In describing the Arab Revolt against the Ottoman Empire, T.E. Lawrence wrote: "the idea of nationality was independence of clans and villages, and their ideal of national union was episodic combined resistance to the intruder.... They were fighting to get rid of empire, not to win it." Although far inferior in treasure and arms, the insurgents would beat the enemy with "a highly mobile striking force of the smallest size" that would squirrel to death the enemy's desire and ability to hold on to as much territory as possible: "his stupidity is our ally, for he would like to hold, or think he held as [many] provinces a possible." NATO's present "surge" strategy against a similar kind of enemy, initiated by the Obama administration's decision to send an additional 30,000 troops to assist in "pacifying" as many Afghan provinces as possible, also does not shine with intelligence or effectiveness. 2010 is the bloodiest year yet of fighting, with insurgent attacks up by two-thirds over last year.
In a report released in August 2009, the U.S. Senate Foreign Relations Committee warned that the Obama administration "has raised the stakes by transforming the Afghan war from a limited intervention into a more ambitious and potentially risky counterinsurgency." The incoming chief of the British Army, General Sir David Richards, cautioned that the proposed counterinsurgency and nation-building mission in Afghanistan (which now costs over a billion dollars per week) "could last up to 40 years."
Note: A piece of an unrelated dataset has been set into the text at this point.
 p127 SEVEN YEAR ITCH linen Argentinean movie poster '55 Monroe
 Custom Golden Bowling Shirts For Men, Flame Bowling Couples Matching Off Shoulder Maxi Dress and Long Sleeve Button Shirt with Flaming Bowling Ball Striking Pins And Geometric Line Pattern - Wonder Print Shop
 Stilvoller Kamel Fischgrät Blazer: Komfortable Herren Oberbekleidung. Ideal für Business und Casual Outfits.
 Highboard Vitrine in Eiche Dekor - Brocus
A century before, Lord Curzon, the former Viceroy of India who had established the North West Frontier Province as a buffer zone to keep the Afghan tribes at arm's length, rose in Parliament as a member of the opposition to warn the new British government against prolonged military engagement: "we are dealing with an enemy habituated to every form and habit of guerilla warfare, even if [military action] attended with maximum success, no permanent results can be obtained;" and if Britain further attempted to occupy their homeland the whole region would be "ablaze from one end to the other [causing] an intolerable burden on finances." In Afghanistan, the more things change, the more they remain the same.